Thursday, September 28, 2023

Shakespeare meets Marlowe

I read about the production at Berkeley's Aurora Theatre of a play about Shakespeare and Marlowe collaborating on the Henry VI trilogy, and bought a ticket for an upcoming streaming performance, before I learned that OSF has put the same play on its schedule for next year, so I'll probably see it again. It's called Born With Teeth by Liz Duffy Adams.

It'll be worth it, if it's well enough acted. I've seen it now; it's a virtuoso script for just the two actors as the playwrights taunt and test one another and yes, get some writing done. It starts with Marlowe in command, smirking and belittling the tyro Will. At one early point Shakespeare complains about Marlowe arguing with him and Marlowe says, "You think I'm arguing? I'm not even sharpening my teeth on you yet," and Shakespeare replies, "I think you were born with teeth."

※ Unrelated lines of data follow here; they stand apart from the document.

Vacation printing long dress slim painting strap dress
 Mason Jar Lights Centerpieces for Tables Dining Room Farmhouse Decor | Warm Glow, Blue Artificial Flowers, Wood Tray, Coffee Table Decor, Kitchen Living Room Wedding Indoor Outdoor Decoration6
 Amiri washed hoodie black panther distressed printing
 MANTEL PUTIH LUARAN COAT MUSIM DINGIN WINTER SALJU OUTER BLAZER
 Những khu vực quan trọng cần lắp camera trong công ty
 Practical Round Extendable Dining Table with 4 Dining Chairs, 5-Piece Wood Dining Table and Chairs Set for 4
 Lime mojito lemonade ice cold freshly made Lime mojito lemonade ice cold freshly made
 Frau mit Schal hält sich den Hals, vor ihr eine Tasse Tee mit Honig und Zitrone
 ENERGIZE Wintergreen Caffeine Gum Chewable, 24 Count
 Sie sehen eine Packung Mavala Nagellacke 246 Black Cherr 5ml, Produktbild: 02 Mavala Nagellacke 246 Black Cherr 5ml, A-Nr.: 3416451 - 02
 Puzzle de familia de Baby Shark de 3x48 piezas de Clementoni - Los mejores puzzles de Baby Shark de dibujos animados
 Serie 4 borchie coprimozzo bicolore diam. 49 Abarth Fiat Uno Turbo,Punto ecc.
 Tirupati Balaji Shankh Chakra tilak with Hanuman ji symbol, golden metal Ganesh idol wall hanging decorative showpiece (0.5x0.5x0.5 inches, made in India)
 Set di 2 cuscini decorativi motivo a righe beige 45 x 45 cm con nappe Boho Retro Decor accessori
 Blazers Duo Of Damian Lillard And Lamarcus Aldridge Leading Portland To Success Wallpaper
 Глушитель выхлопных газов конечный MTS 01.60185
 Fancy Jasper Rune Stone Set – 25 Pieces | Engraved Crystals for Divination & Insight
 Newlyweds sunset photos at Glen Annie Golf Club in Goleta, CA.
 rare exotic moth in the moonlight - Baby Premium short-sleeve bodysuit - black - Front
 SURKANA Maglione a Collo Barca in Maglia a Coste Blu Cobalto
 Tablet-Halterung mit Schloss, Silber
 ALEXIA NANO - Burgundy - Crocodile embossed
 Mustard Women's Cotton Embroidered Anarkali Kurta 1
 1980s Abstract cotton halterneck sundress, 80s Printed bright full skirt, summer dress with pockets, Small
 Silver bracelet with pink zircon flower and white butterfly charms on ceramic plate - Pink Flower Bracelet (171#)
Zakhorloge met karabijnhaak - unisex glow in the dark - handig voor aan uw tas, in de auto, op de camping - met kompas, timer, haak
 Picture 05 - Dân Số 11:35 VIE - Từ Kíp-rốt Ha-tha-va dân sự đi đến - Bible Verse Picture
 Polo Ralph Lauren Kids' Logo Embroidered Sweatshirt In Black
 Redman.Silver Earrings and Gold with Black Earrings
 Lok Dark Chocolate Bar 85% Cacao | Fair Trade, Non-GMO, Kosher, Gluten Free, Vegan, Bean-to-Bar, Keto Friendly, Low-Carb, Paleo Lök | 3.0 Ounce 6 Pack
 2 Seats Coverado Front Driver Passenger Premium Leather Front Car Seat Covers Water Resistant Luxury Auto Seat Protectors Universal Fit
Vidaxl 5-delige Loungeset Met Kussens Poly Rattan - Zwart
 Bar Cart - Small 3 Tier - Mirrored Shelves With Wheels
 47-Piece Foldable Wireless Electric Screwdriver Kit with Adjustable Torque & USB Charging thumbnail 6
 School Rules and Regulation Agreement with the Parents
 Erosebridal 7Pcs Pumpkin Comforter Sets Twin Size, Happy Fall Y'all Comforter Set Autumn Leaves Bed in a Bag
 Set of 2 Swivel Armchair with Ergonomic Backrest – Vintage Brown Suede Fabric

Pause. Then they simultaneously point at each other and exclaim "I'm using that!" (It's in part 3, describing Richard of Gloucester.)

Marlowe shocks and disconcerts Shakespeare with tales of his other life as a spy working for the Queen's chief minister Lord Burghley. In this police state, as it's openly called in an expository aside to the audience, the currency is accusations against others, whether true or false, and Marlowe makes no bones about, if he's ever caught in a situation where he'd have to accuse Shakespeare to save himself, then it's him or me.

The play has three scenes, each about a year apart, as they work on the three parts of Henry VI, and Shakespeare grows in confidence, especially in his explanations that, while Marlowe displays himself in all his work, Shakespeare wants to hide himself behind his work and speak only through his characters. The play hits its real stride halfway through, when the two have a long discussion of religious belief, more even-handed than their earlier exchanges, and then act out a long passage from Part 2 (Suffolk's and Margaret's farewell). As always in plays about Shakespeare, the long quotes are the highlight. If you're wondering how Marlowe's death in 1593, the same year as the third part of this play, will be alluded to, patience, it'll get there.

Due credit to the actors, Dean Linnard, big and blustery as Marlowe, and Brady Morales-Woolery, smaller, darker, and less bold, but capable of equal firmness, as Shakespeare. I hope OSF finds people as good as these.